--- Activity ---
Produce a word-for-word copy of the lines from the one that contains "Oversized-Fit Track Jacket With Zip Pockets" to the final line of the data below, with all pictures dropped.

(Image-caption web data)
****************************************
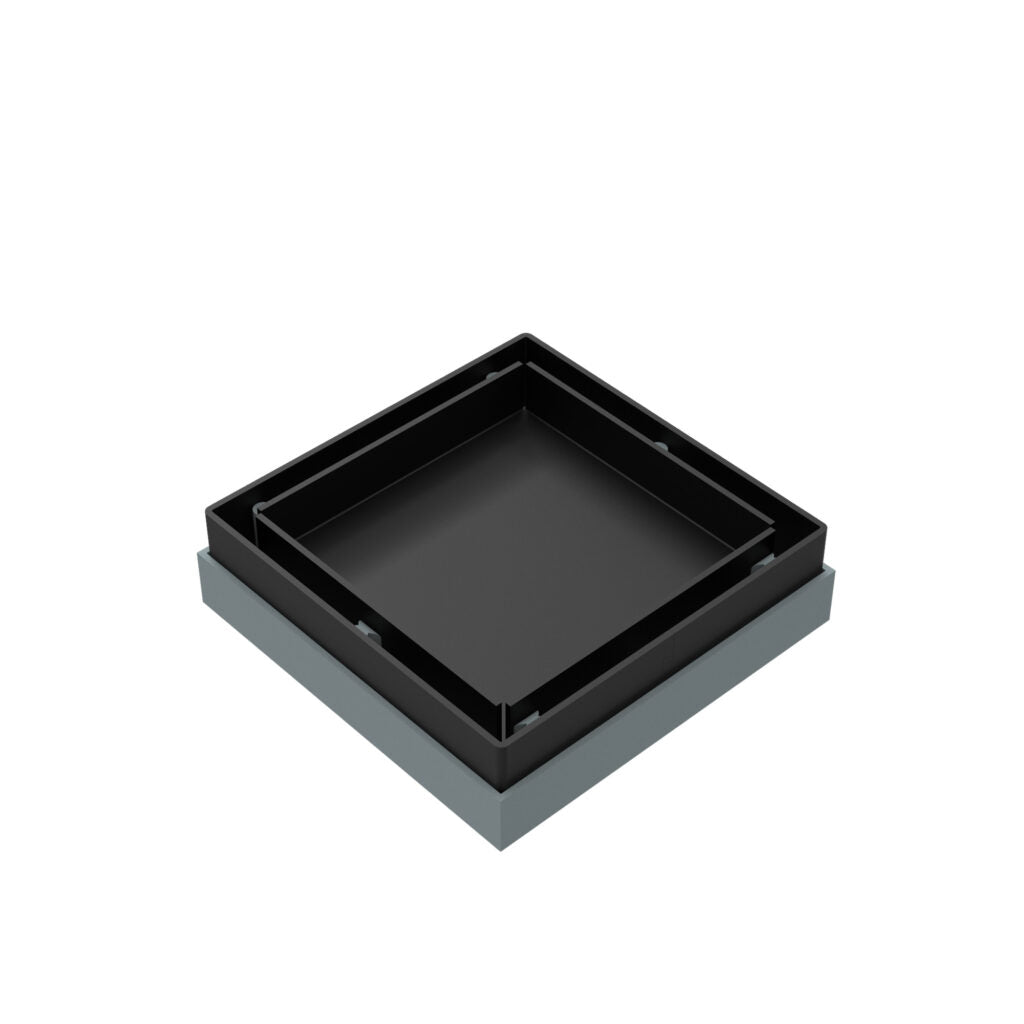 Nero Tile Insert Matte Black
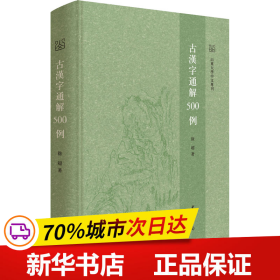 古汉字通解500例（山东大学中文专刊）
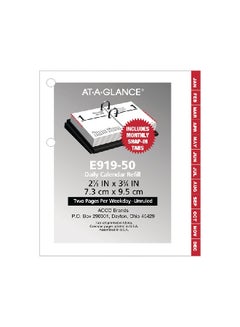 2019 Daily Desk Pocket Size Calendar Refill White/Red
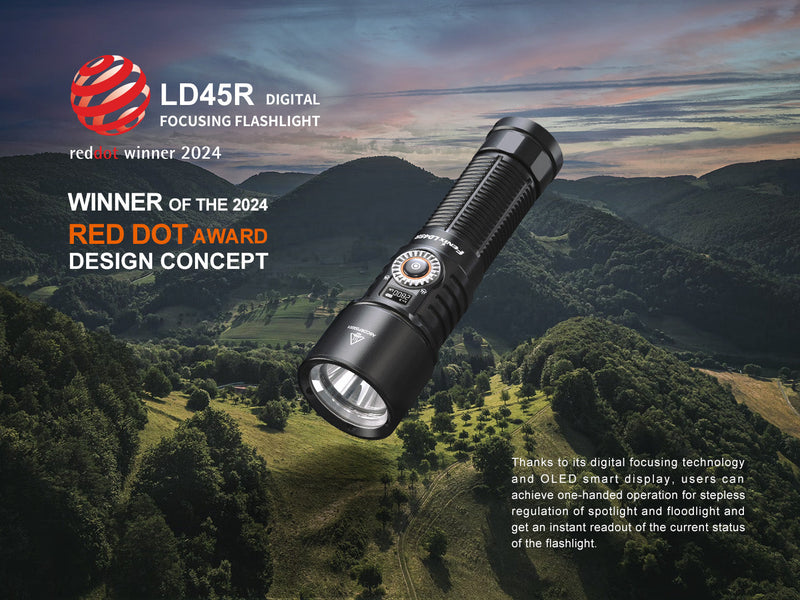 Load image into Gallery viewer, Fenix LD45R Digital Focus Rechargeable LED Flashlight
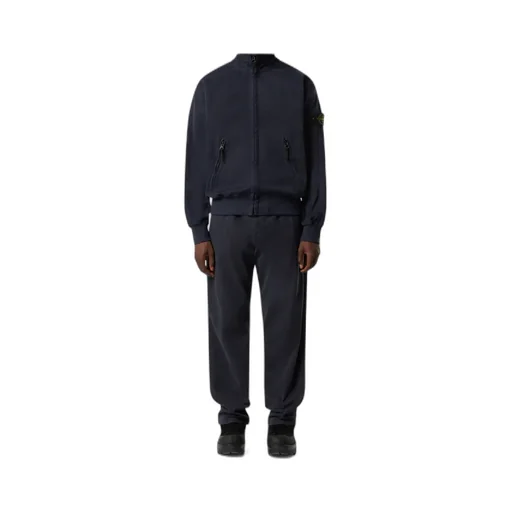 Oversized-Fit Track Jacket With Zip Pockets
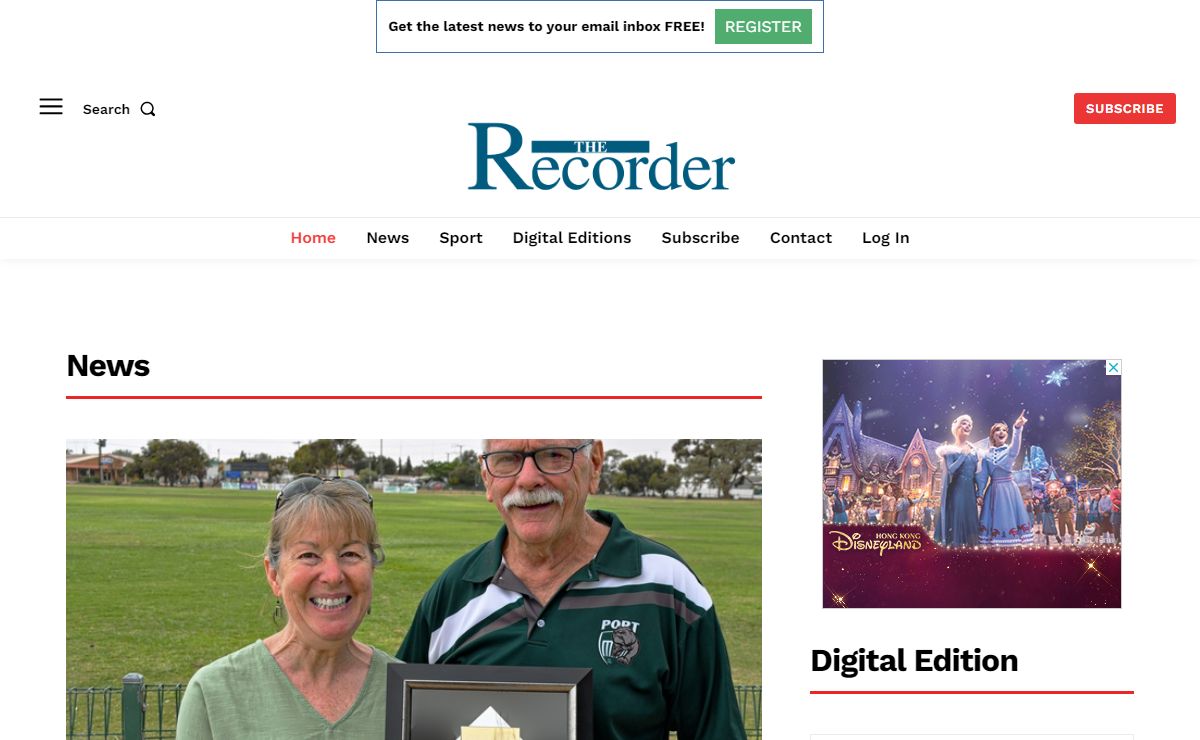 Home | The Recorder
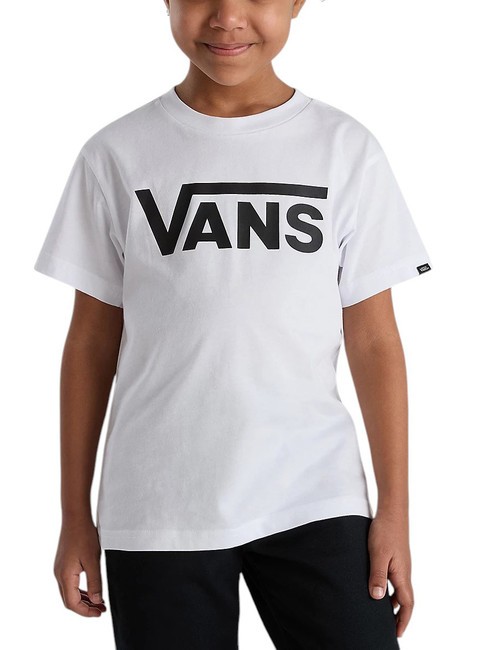 VANS VANS CLASSIC Koszulka bawełniana biały/czarny - Koszulka dziecięca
****************************************
--- Expected output ---
 Oversized-Fit Track Jacket With Zip Pockets
 Home | The Recorder
 VANS VANS CLASSIC Koszulka bawełniana biały/czarny - Koszulka dziecięca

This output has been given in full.